TEMPO.CO, Malang - Presiden Susilo Bambang Yudhoyono sangat terkesan terhadap kejernihan dan keteduhan berpikir, serta kesediaan kaum tarikat untuk terlibat mengatasi persoalan bangsa. “Jika pikiran, komitmen, dan tindakan seperti itu juga dimiliki segenap komponen bangsa, insya Allah, negeri kita akan semakin maju,” kata Presiden Yudhoyono dalam sambutan pembuka Muktamar XI Jam’iyyah Ahlith Thariqah Al Mu’tabaroh An Nahdliyyah (Jatman) di Pondok Pesantren Al Munawwariyyah, Desa Sudimoro, Kecamatan Bululawang, Kabupaten Malang, Rabu, 11 Januari 2012.

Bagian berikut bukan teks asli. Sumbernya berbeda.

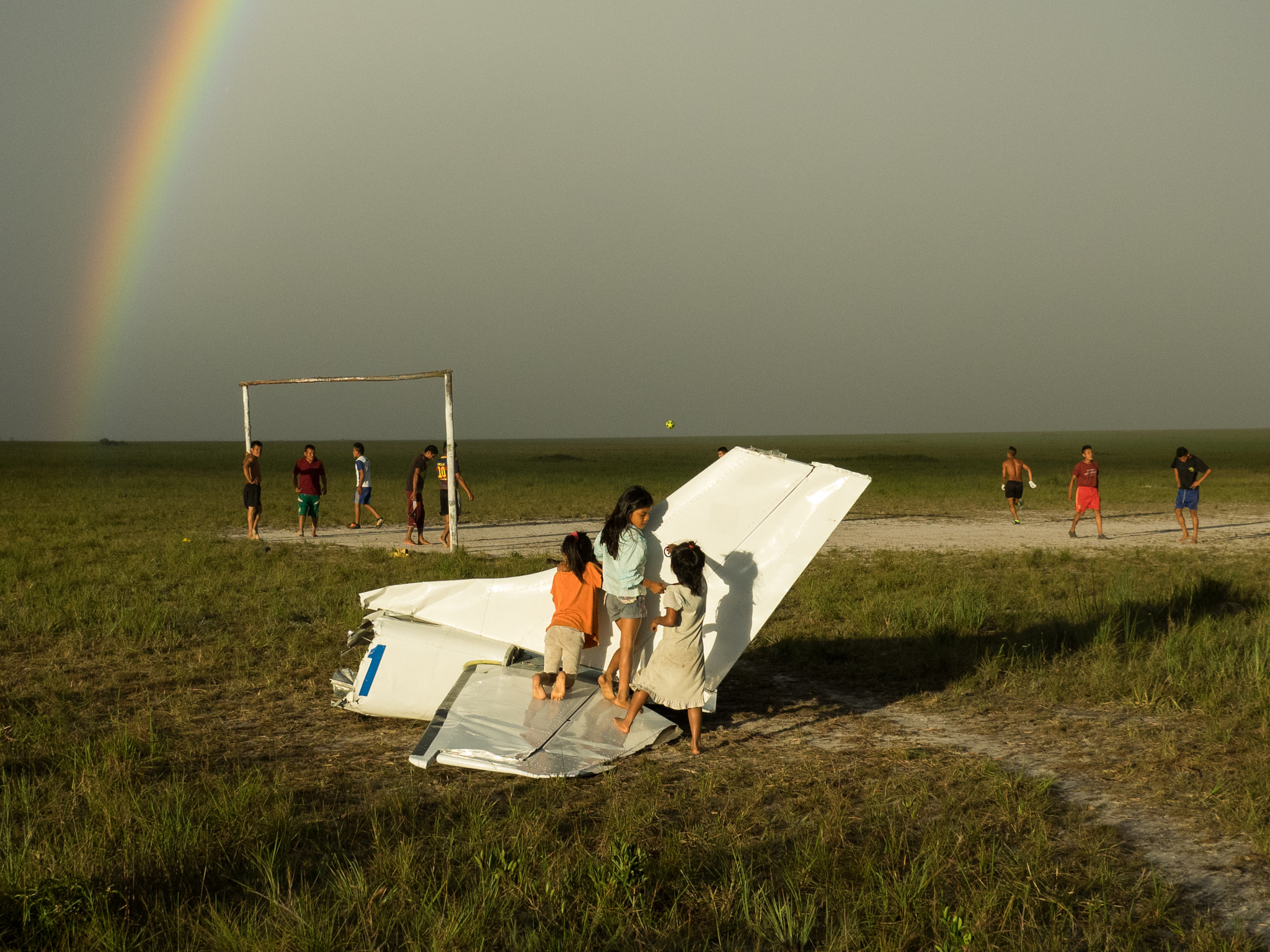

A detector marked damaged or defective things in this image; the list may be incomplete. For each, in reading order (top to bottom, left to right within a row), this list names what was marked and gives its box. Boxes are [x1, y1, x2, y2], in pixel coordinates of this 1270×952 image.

crumpled aluminum panel [412, 664, 680, 778]
crashed airplane wing [327, 451, 868, 778]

Muktamar bertema “Dengan Thariqah Kita Perkokoh Keberadaan Umat dan Bangsa untuk Perdamaian dan Kesejahteraan Dunia” itu akan berlangsung hingga Sabtu, 14 Januari.
Dalam acara itu, SBY didampingi antara lain oleh Menteri Koordinator Politik, Hukum, dan Hak Asasi Manusia Djoko Suyanto, Menteri Sekretaris Negara Sudi Silalahi, Menteri Agama Suryadharma Ali, Menteri Pendidikan dan Kebudayaan Mohammad Nuh, Sekretaris Kabinet Dipo Alam, Panglima TNI Laksamana Agus Soehartono, dan Kepala Kepolisian Republik Indonesia Jenderal Timur Pradopo.

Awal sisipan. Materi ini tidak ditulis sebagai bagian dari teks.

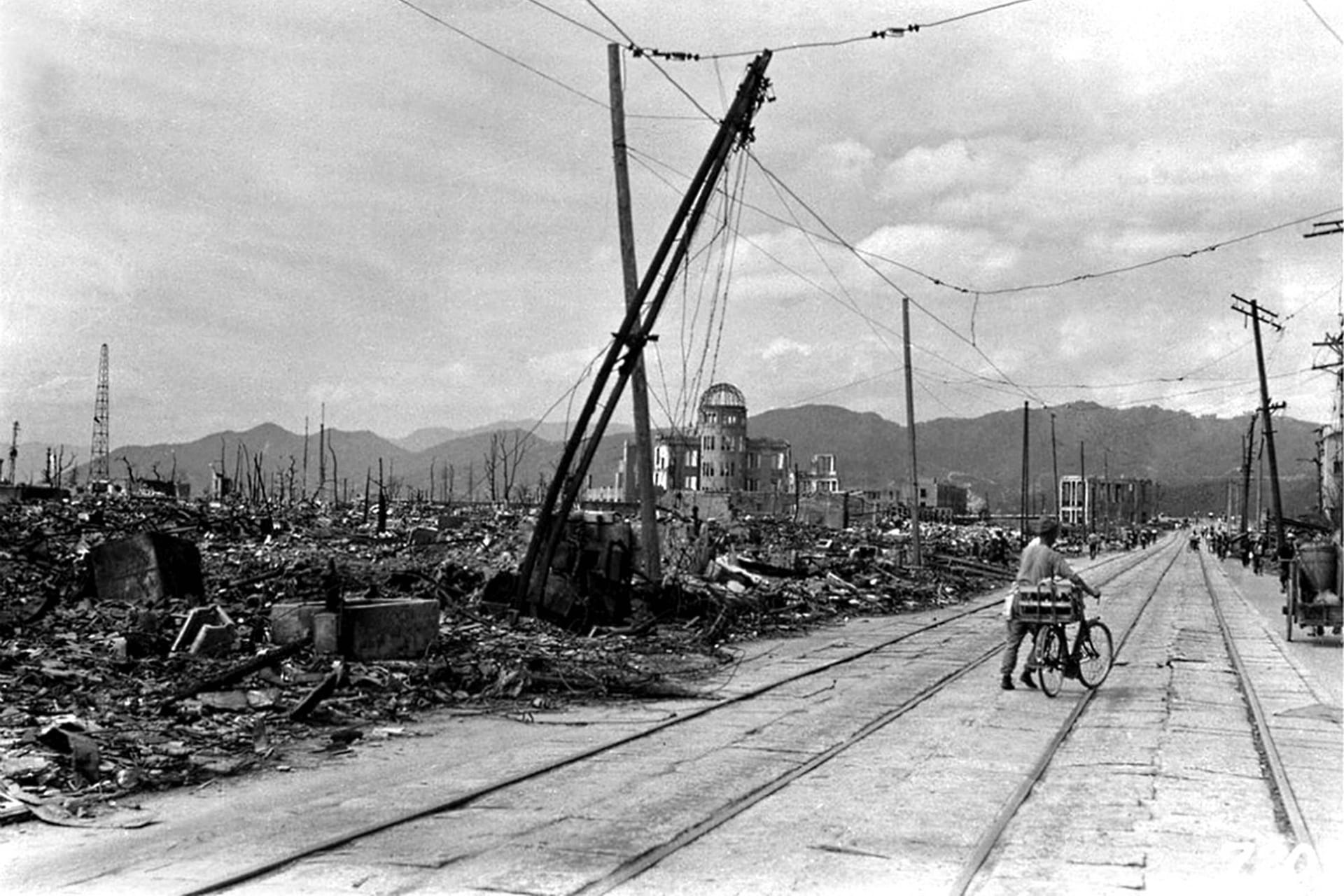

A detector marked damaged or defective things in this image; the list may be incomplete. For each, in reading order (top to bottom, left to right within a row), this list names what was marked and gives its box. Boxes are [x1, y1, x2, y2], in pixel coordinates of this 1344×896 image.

damaged utility pole [610, 42, 664, 585]
damaged utility pole [526, 50, 778, 610]
damaged utility pole [1232, 295, 1288, 546]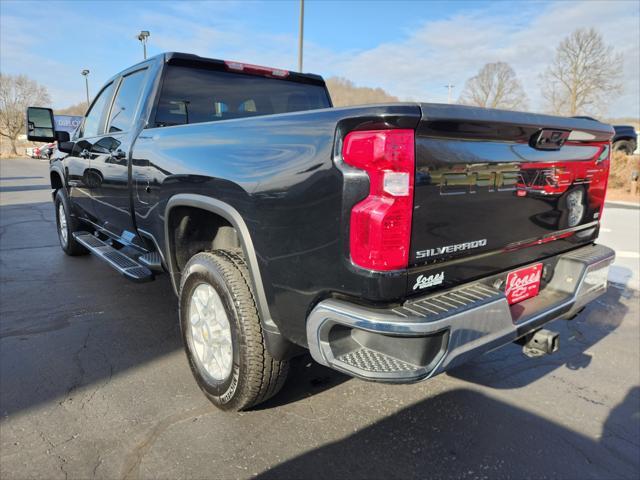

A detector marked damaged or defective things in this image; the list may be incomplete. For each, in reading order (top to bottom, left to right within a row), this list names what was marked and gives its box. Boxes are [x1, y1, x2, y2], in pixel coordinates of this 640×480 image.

cracked pavement [0, 157, 636, 476]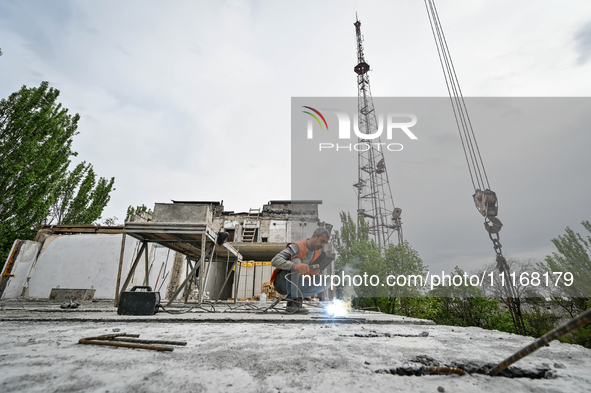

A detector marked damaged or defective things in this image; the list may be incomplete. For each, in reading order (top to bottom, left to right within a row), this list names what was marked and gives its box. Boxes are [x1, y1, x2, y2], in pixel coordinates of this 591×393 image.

damaged building [0, 199, 332, 304]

SBY berpendapat bahwa kaum tarikat menjalankan tradisi, pendekatan, dakwah, dan perilaku sufi dengan teduh, jernih, substantif, mendidik, dan tanpa kekerasan. Jalan seperti itu, kata Presiden, merupakan pilihan paling tepat dan mampu meningkatkan pembangunan bangsa menuju Indonesia yang makin maju, adil, dan sejahtera.
Pendekatan sufisme oleh kaum tarikat terbukti mampu ikut menjaga kestabilan kehidupan berbangsa dan bernegara. Pendekatan ini juga dirasa tepat untuk mengatasi berbagai perselisihan, konflik, dan bahkan benturan dalam kehidupan bangsa dan negara.

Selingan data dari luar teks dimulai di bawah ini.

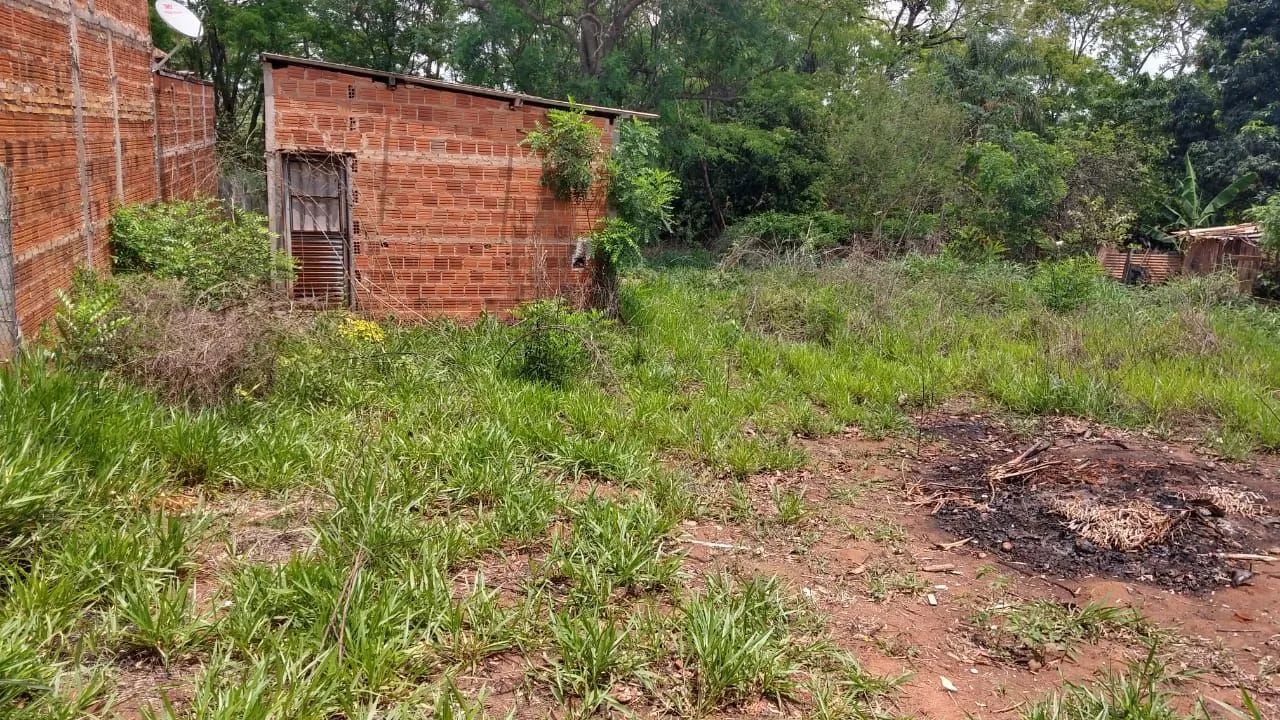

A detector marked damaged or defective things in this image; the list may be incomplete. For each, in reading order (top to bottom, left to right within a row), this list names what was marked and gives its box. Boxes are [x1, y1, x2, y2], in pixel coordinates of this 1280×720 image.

broken roof edge [259, 52, 660, 119]
rusty metal door [0, 167, 17, 358]
rusty metal door [285, 155, 350, 303]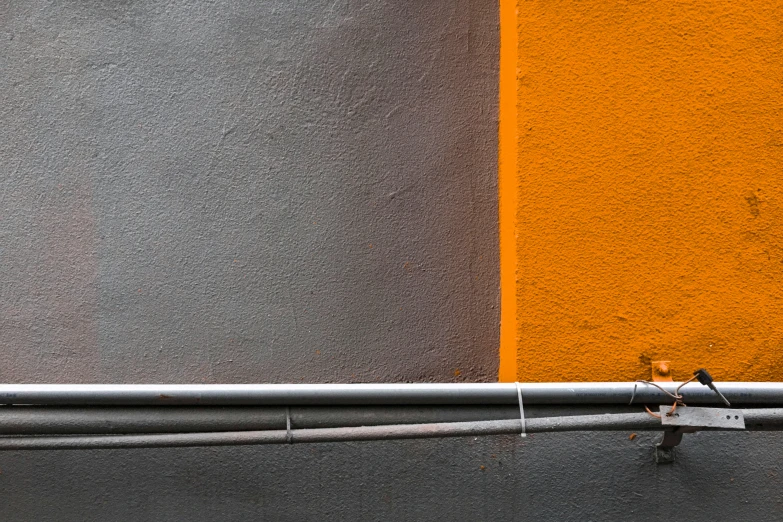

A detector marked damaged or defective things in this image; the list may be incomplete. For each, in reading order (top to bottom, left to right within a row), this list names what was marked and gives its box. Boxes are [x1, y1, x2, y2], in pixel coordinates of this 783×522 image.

rusty metal bracket [656, 404, 748, 462]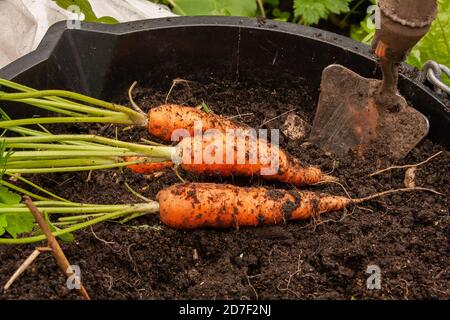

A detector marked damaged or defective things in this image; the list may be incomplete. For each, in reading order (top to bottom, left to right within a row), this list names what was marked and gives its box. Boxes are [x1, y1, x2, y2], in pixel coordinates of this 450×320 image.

rusty trowel blade [310, 64, 428, 159]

“Indonesia adalah bangsa yang amat majemuk, kehendak dan aspirasinya amat banyak serta beragam. Terlebih saat ini dalam era demokrasi, kekebasan—terkadang jadi kebebasan yang kebablasan—dan keterbukaan. Akibatnya tuntutan masyarakat kita amat dinamis. Benturan dan kekerasan bisa terjadi setiap saat. Namun perbedaan harus kita kelola dengan arif, bijak, dan tepat. Tiap pelanggaran hukum harus ditindak tegas,” SBY menegaskan.
Sebelumnya, Rais Aam Jatman Habib M. Luthfi Ali dan Ketua Umum Pengurus Besar Nahdlatul Ulama (PBNU) Said Aqil Siradj menegaskan kesiapan dan kesetiaan kaum nahdliyin untuk tetap mendukung tegaknya Negara Kesatuan Republik Indonesia. Habib Luthfi mengatakan, pilihan tema muktamar ini berasal dari Presiden Yudhoyono.
Said Aqil mengatakan, banyak kemajuan yang dicapai oleh pemerintahan SBY dan Boediono, terutama kemajuan di bidang ekonomi. Mengenai kelemahan-kelemahan yang ada, harusnya disikapi oleh semua komponen bangsa dengan sikap optimistis. “Jangan kita hanya bisa mengkritik dan mencela, terus bersikap pesimistis. Nahdlatul Ulama siap berkontribusi dengan sikap yang selalu optimistis,” kata Said.